First I want to appologize if you’ve seen this already, I originally had this up on my normal website, but I’ve decided to instead consolidate all my work to my blog.

This is the first of a series of visualization posts I intend to work on, each building from the previous one.

This visualization follows a few simple rules:

  • Any point can only be occupied by a single node. A point may be alive (filled) or dead (empty).

  • On every tick each live point picks from 0 to N new points to spawn, where N is the number of empty adjacent points to it. If it picks 0, it becomes dead.

  • Each line indicates the parent of a point.
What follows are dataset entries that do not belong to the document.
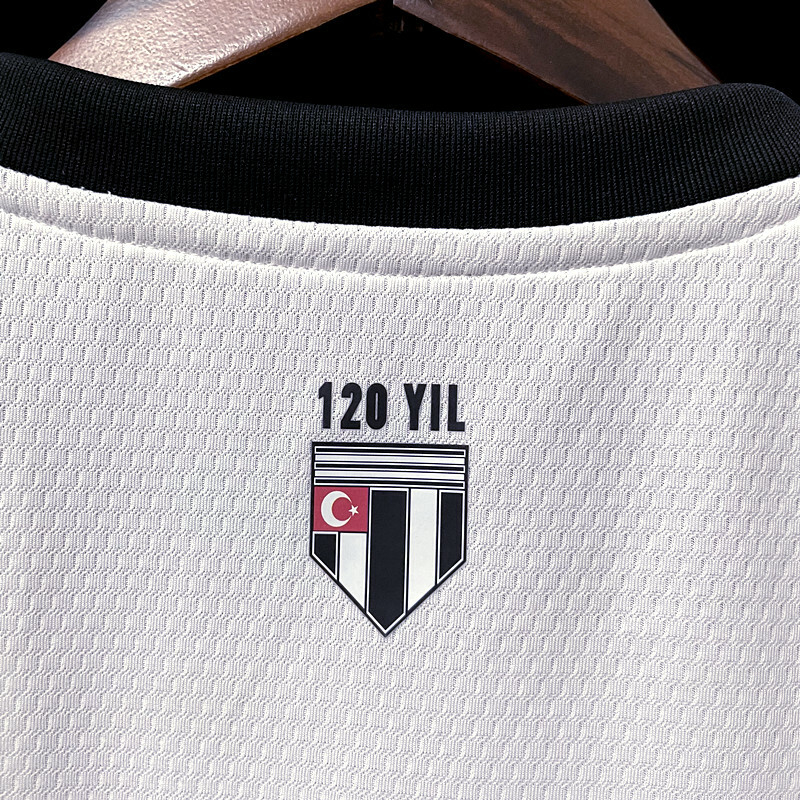 Camisa Besiktas - Modelo II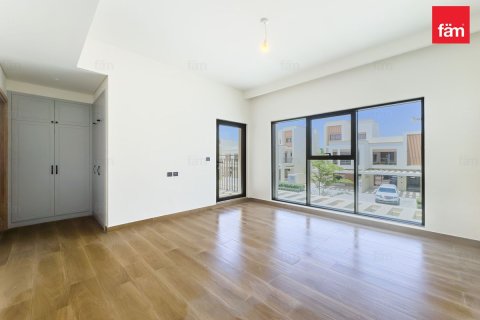 Вилла Дубай, БАӘ-да 4 жатын бөлмелер, 144.1 м² № 711666 - фото 19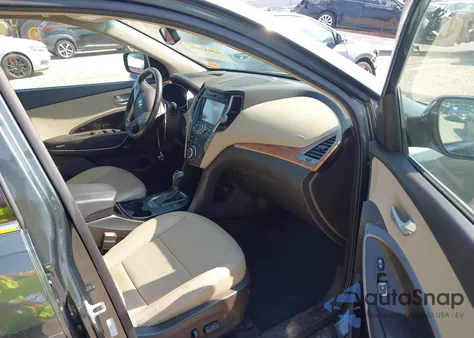 2014 Hyundai Santa Fe Sport 2.4L from USA, damaged, VIN 5XYZU3LB6EG125726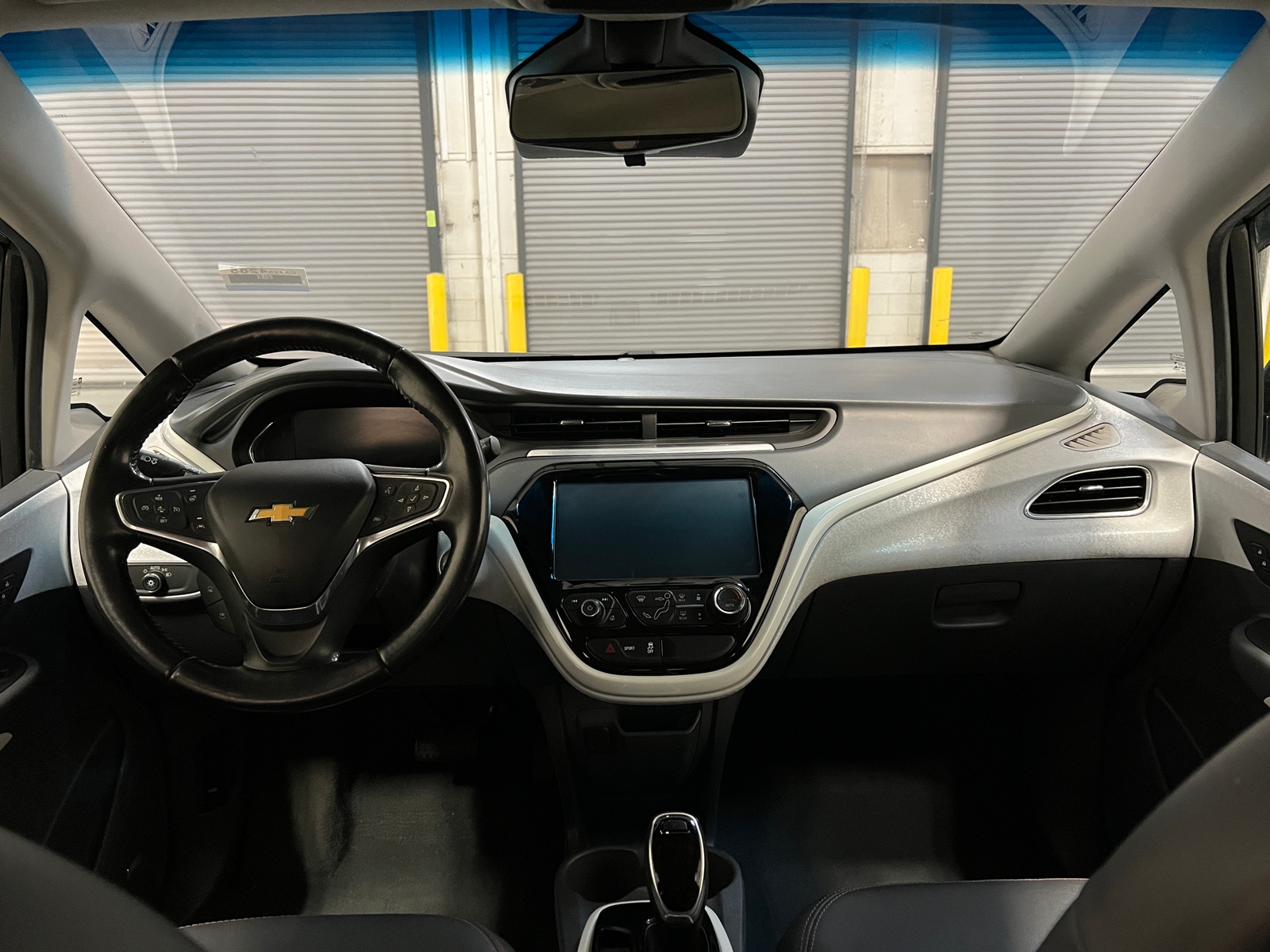 Thumbnail: 2019 Chevrolet Bolt EV - 2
Lines have an arbitrary lifetime of a few ticks, and occupy the points they connect (so new points may not spawn on top of a line).

  • When a dead point has no lines it is cleaned up, and its point is no longer occupied.

The resulting behavior is somewhere between Conway’s Game of Life and white noise. Though each point operates independently, they tend to move together in groups. When two groups collide head on they tend to cancel each other out, killing most of both. When they meet while both heading in a common direction they tend to peacefully merge towards that direction.

Sometimes their world becomes so cluttered there’s hardly room to move. Sometimes a major coincidence of events leads to multiple groups canceling each other at once, opening up the world and allowing for an explosion of new growth.

Some groups spiral about a single point, sustaining themselves and defending from outside groups in the same movement. This doesn’t last for very long.

The performance of this visualization is not very optimized, and will probably eat up your CPU like nothing else. Most of the slowness comes from drawing the lines; since there’s so many individual small ones it’s quite cumbersome to do.